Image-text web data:
#####

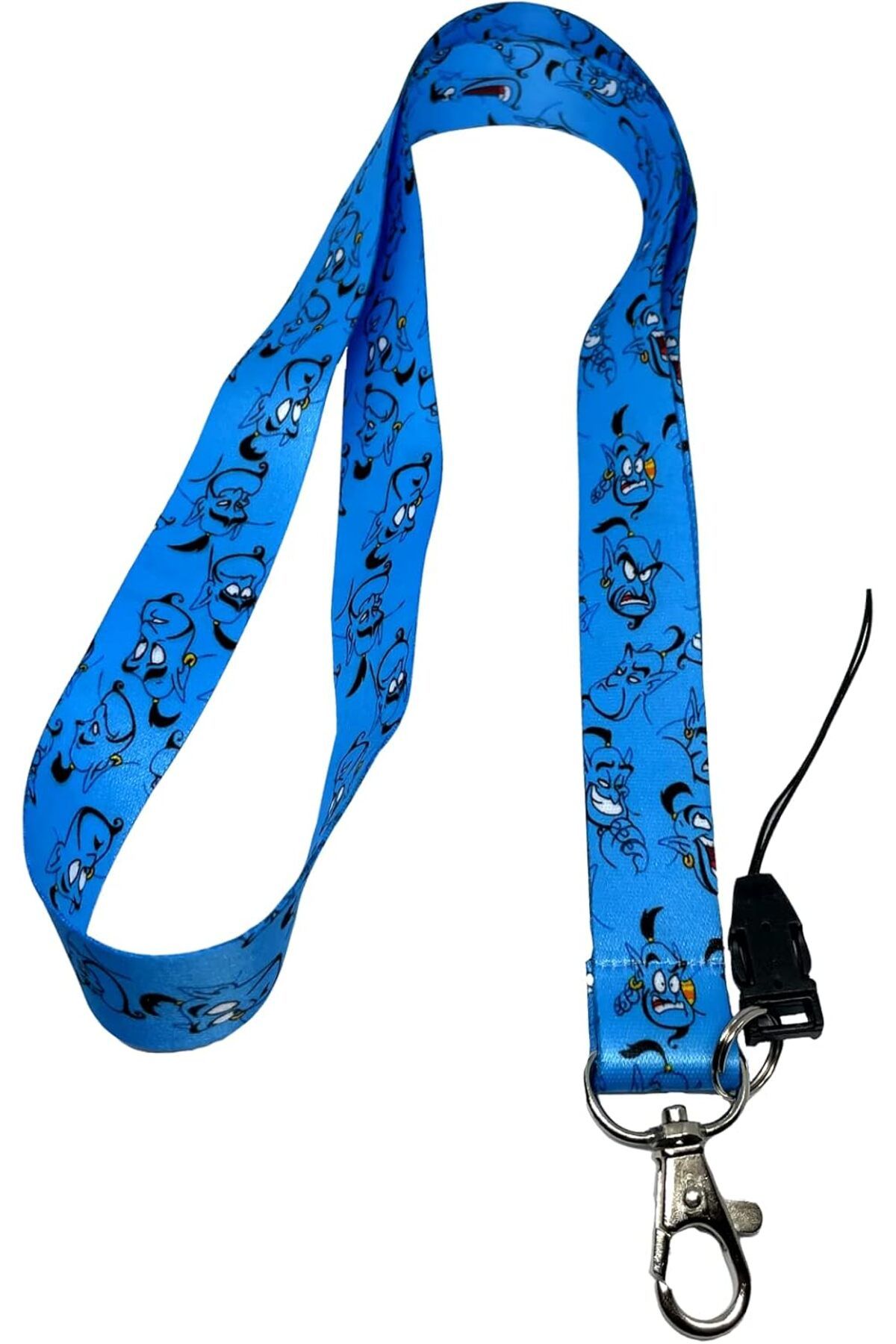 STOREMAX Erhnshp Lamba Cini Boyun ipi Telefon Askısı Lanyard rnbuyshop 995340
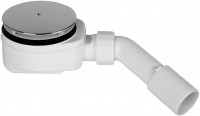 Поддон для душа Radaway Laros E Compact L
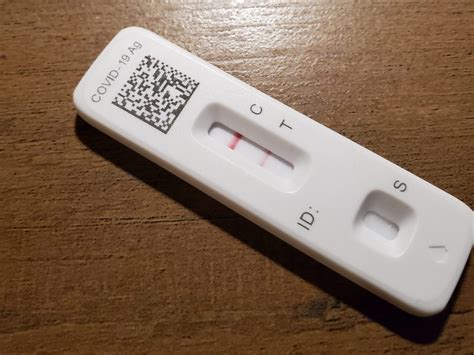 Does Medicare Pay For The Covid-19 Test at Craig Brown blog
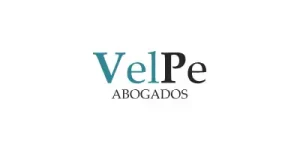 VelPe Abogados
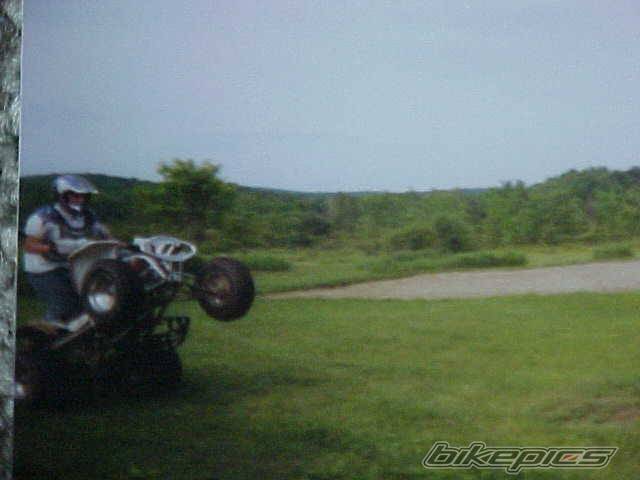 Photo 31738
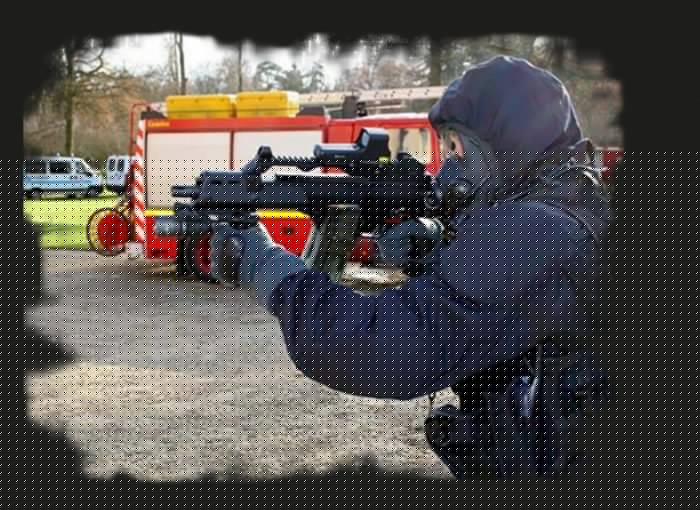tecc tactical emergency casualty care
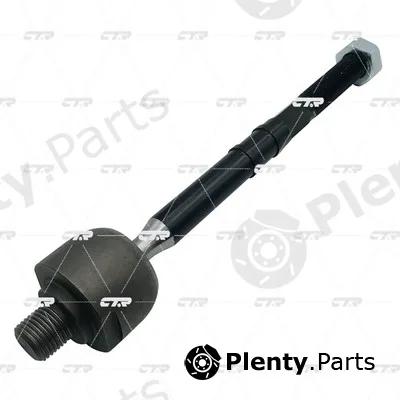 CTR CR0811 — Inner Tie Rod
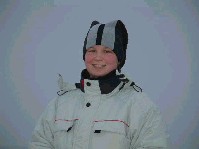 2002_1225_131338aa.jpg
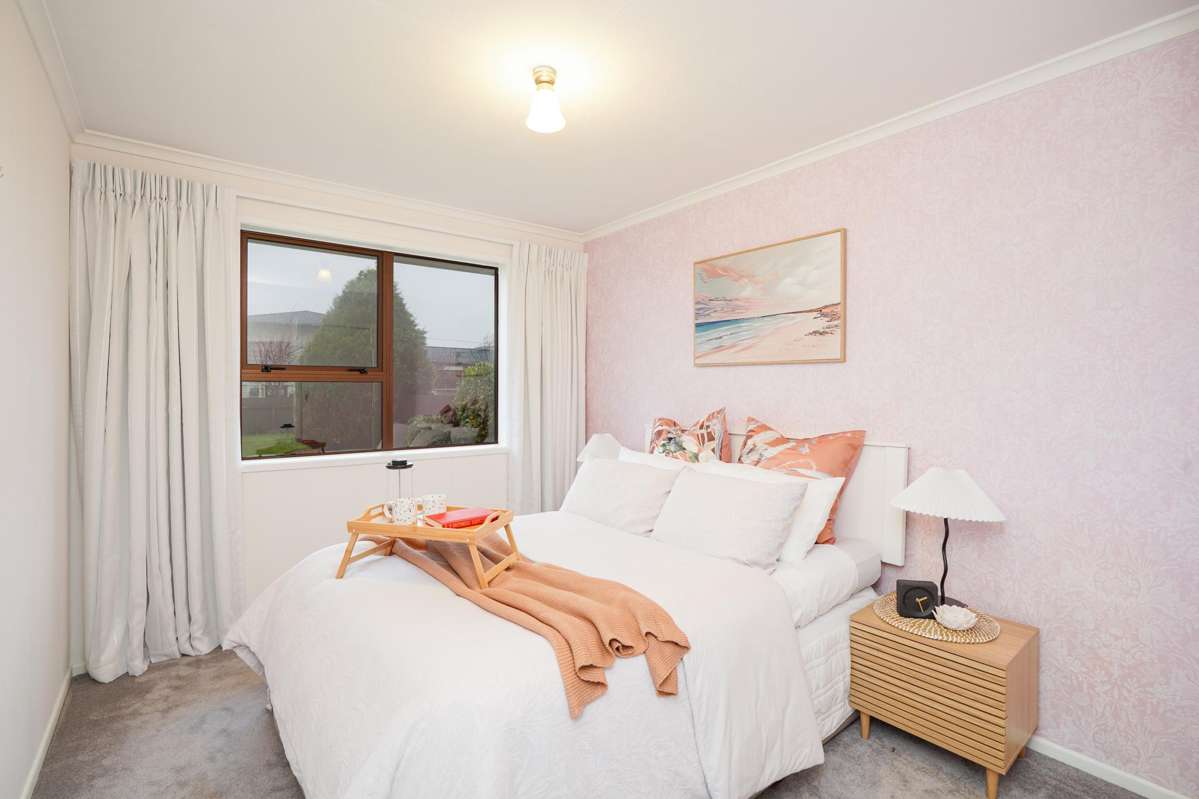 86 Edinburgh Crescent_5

#####

*What the task requires*. Please reproduce the lines above from the one containing "CTR CR0811 — Inner Tie Rod" through the final line, exactly and inclusively, leaving out each picture.

*Response*.
 CTR CR0811 — Inner Tie Rod
 2002_1225_131338aa.jpg
 86 Edinburgh Crescent_5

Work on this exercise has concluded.